Required action: Transcription task. Write out each entry verbatim and exclude any image.

BEGIN Records supplied

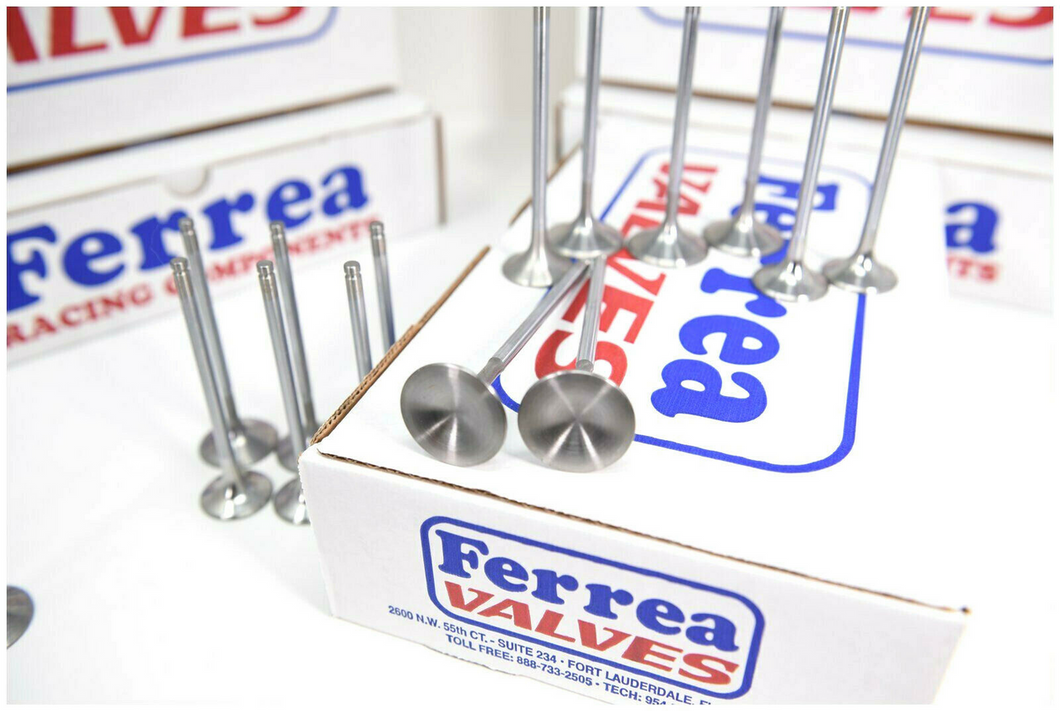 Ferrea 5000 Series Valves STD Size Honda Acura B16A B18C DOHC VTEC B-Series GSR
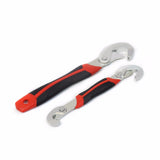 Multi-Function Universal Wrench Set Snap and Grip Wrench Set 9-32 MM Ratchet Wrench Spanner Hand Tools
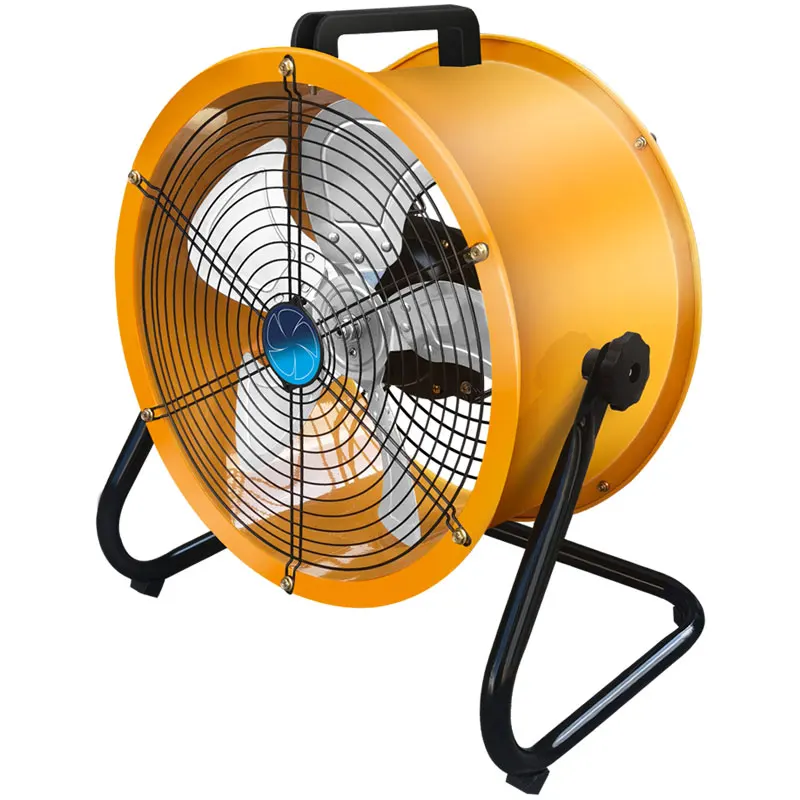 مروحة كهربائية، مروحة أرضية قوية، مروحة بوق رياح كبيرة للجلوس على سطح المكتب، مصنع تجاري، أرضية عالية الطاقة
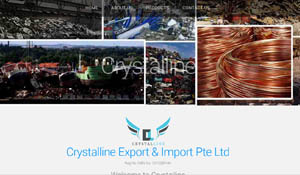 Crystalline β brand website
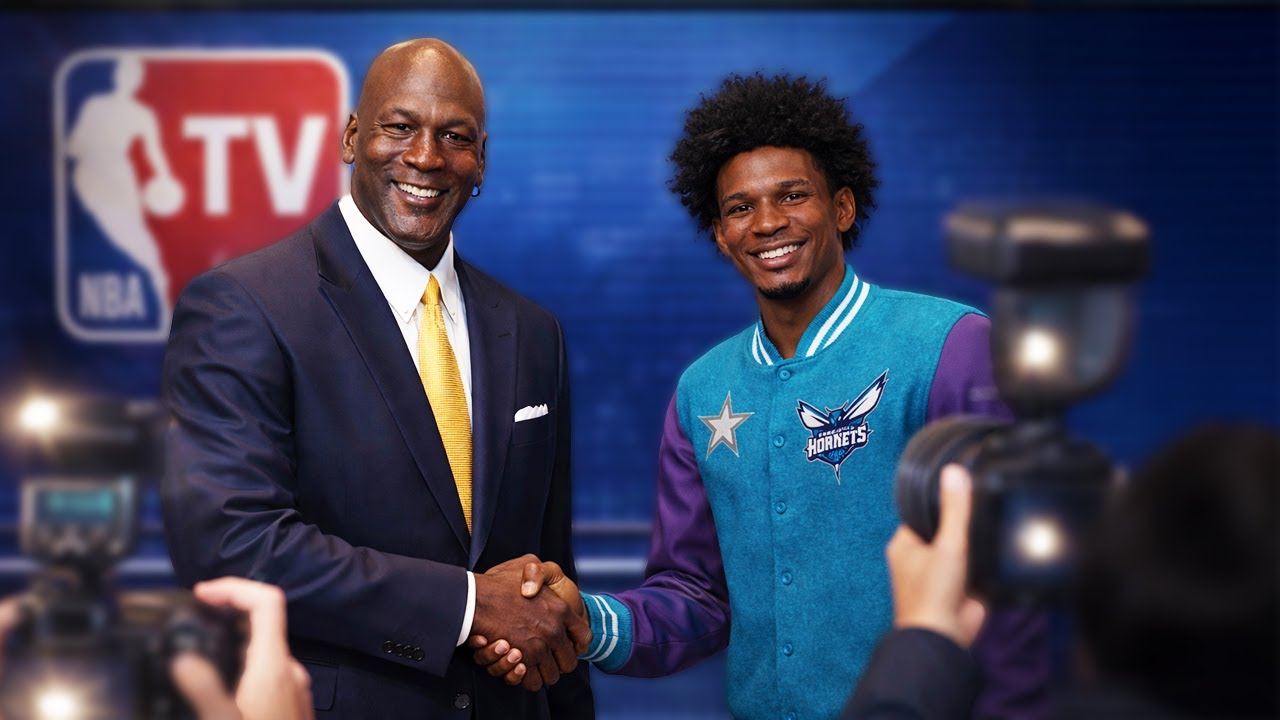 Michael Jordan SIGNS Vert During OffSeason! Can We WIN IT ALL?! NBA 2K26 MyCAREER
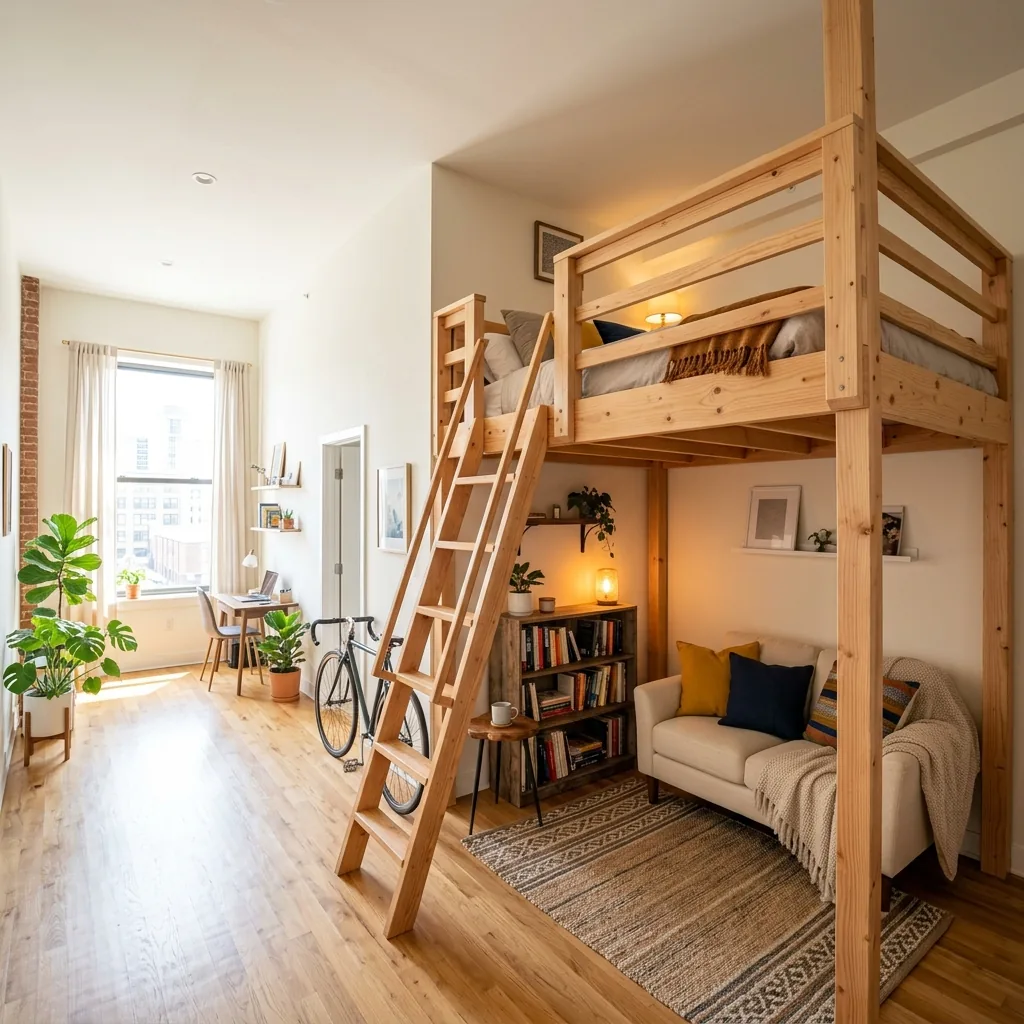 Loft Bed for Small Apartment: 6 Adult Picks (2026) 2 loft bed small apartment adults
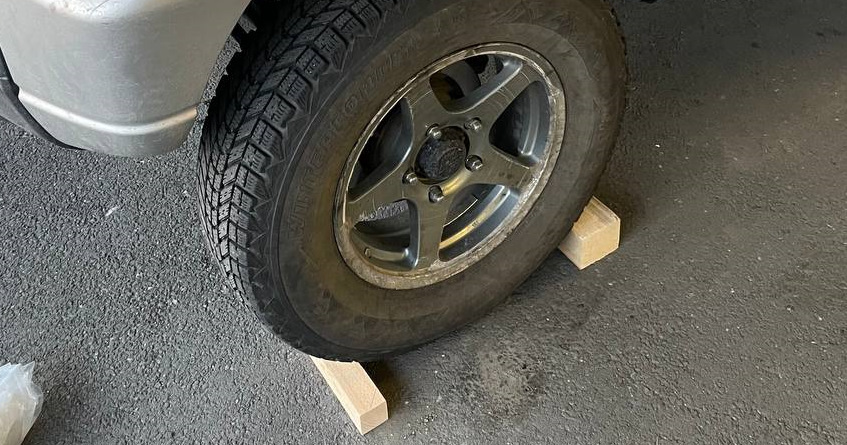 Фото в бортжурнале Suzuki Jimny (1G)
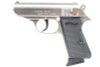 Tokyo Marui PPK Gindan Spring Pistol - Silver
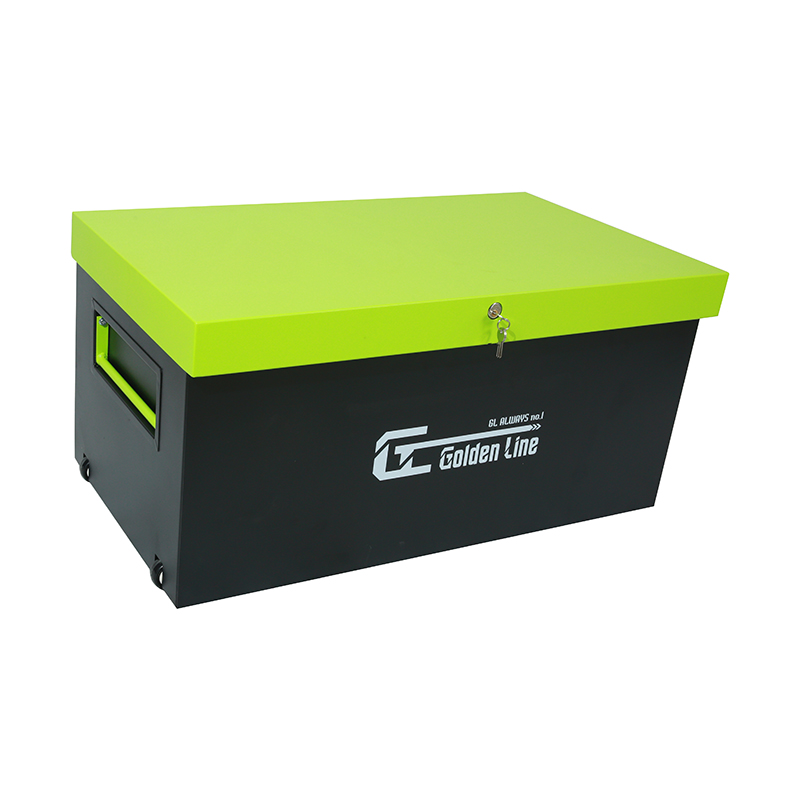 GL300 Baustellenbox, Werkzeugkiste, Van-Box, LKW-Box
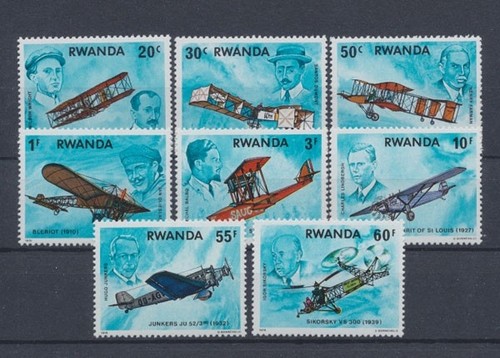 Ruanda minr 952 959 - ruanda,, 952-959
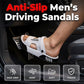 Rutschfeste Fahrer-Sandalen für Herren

END Records supplied

Answer to this exercise:
 Ferrea 5000 Series Valves STD Size Honda Acura B16A B18C DOHC VTEC B-Series GSR
 Multi-Function Universal Wrench Set Snap and Grip Wrench Set 9-32 MM Ratchet Wrench Spanner Hand Tools
 مروحة كهربائية، مروحة أرضية قوية، مروحة بوق رياح كبيرة للجلوس على سطح المكتب، مصنع تجاري، أرضية عالية الطاقة
 Crystalline β brand website
 Michael Jordan SIGNS Vert During OffSeason! Can We WIN IT ALL?! NBA 2K26 MyCAREER
 Loft Bed for Small Apartment: 6 Adult Picks (2026) 2 loft bed small apartment adults
 Фото в бортжурнале Suzuki Jimny (1G)
 Tokyo Marui PPK Gindan Spring Pistol - Silver
 GL300 Baustellenbox, Werkzeugkiste, Van-Box, LKW-Box
 Ruanda minr 952 959 - ruanda,, 952-959
 Rutschfeste Fahrer-Sandalen für Herren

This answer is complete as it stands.